Work item
Find "Custom White Light" in the material below, then write out that line and every line after it exactly, ending with the last one; skip the pictures.

Supplied material
***
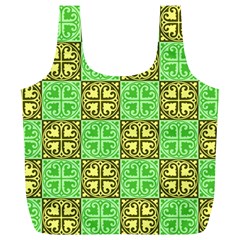 Clipart Aztec Green Yellow Full Print Recycle Bags (l)  by Mariart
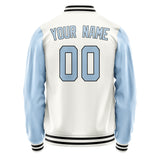 Custom White Light Blue Jacket JA1818081817B31708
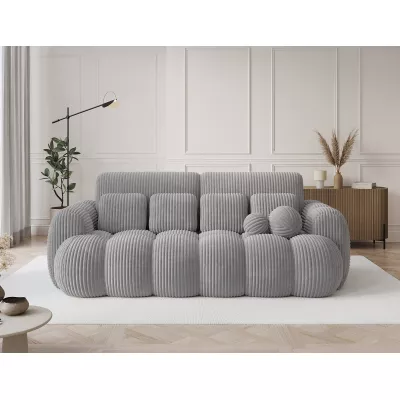 Designer-Wohnzimmersofa ISEN – hellgrau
***
Reply
 Custom White Light Blue Jacket JA1818081817B31708
 Designer-Wohnzimmersofa ISEN – hellgrau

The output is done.